Latest RBA Interest Rate Announcement and History

Tuesday 3rd February 2026

At its meeting today, the Board decided to increase the cash rate target by 25 basis points to 3.85 per cent.

  • While inflation has fallen substantially since its peak in 2022, it picked up materially in the second half of 2025.

  • The Board has been closely monitoring the economy and judges that some of the increase in inflation reflects greater capacity pressures.

  • Various indicators suggest that labour market conditions remain a little tight and that they have stabilised in recent months, in line with the pick-up in momentum in economic activity.

  • The Board will be attentive to the data and the evolving assessment of the outlook and risks to guide its decisions. In doing so, it will pay close attention to developments in the global economy and financial markets, trends in domestic demand, and the outlook for inflation and the labour market. The Board is focused on its mandate to deliver price stability and full employment and will do what it considers necessary to achieve that outcome.

To view the full statement of Michele Bullock, Governor of the Reserve Bank, please click here.



Why do RBA interest rate decisions matter?
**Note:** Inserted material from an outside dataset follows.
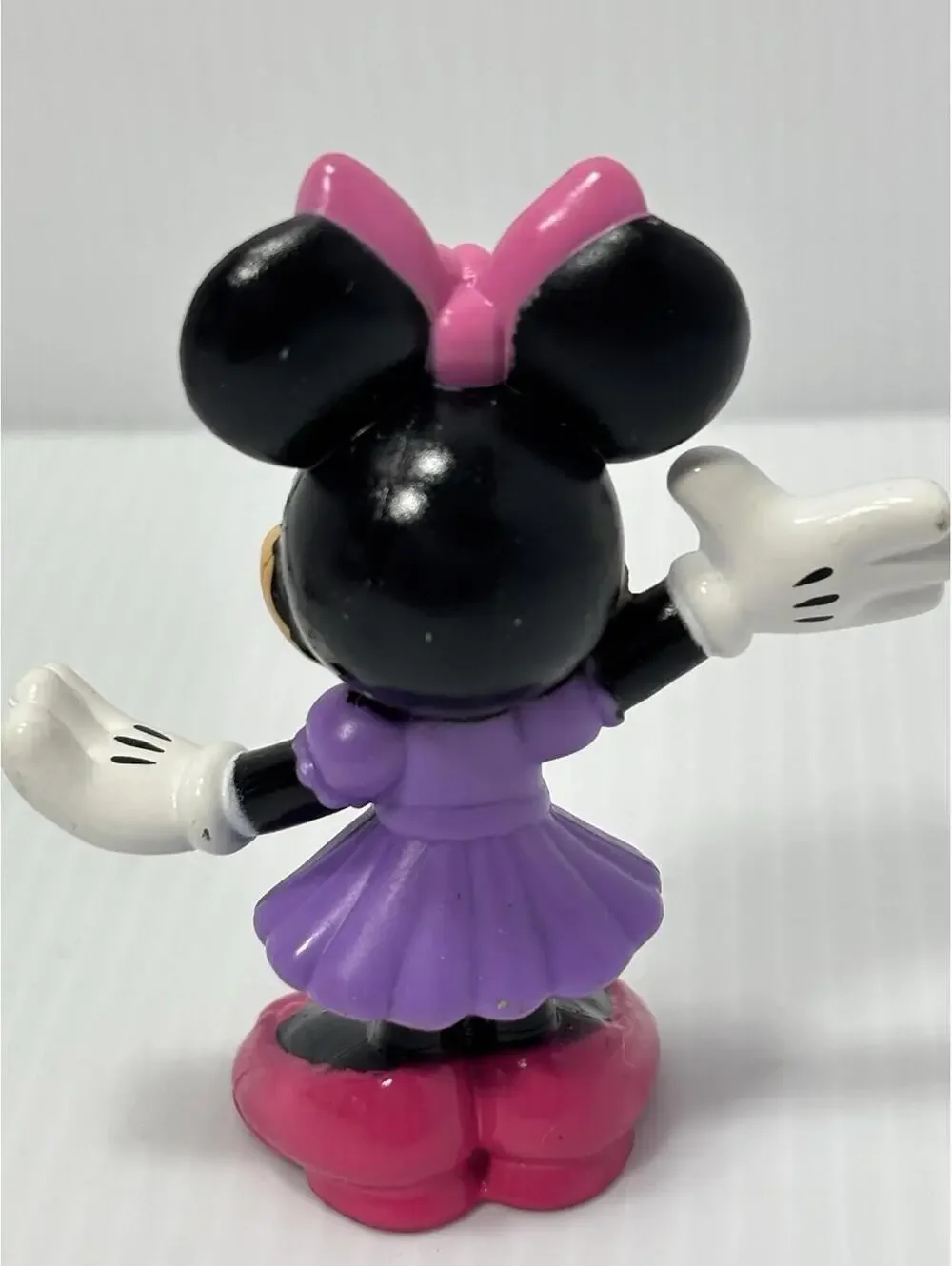 Disney Minnie Mouse Bow-Tique Figure - Purple Polka Dot Dress - Toy GUC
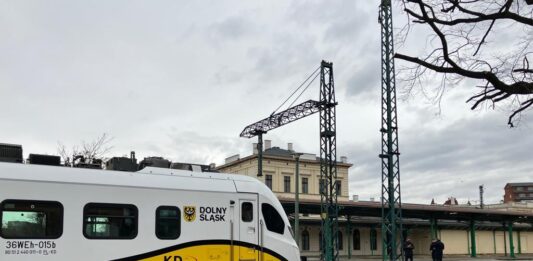 Historyczny moment dla Wrocławia: Pociągi wracają na Dworzec Świebodzki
RBA interest rate decisions are the key tool for the RBA to influence the Australian economy. They matter for a number of reasons, and affect people of all ages and circumstances:

  • Deposit holders (including individuals and businesses) will experience this directly through the interest rates offered by banks. To some extent, this also applies to the cash and defensive assets within super and other accounts.

  • Borrowers (again, including individuals and businesses) feel the effects through the interest and principal repayments on variable rate loans (and indeed on new fixed rate loans).

  • Lower interest rates tend to stimulate the economy, by improving cashflow for individuals and businesses with debt, as well as encouraging investment spending and employment. Conversely, higher rates restrict household & corporate budgets and spending, putting the brakes on the economy.

  • Expectations of economic performance, along with other mechanisms for pricing financial markets, tend to provide a positive environment for growth investments like shares and property, which feature heavily in more investors portfolios including super.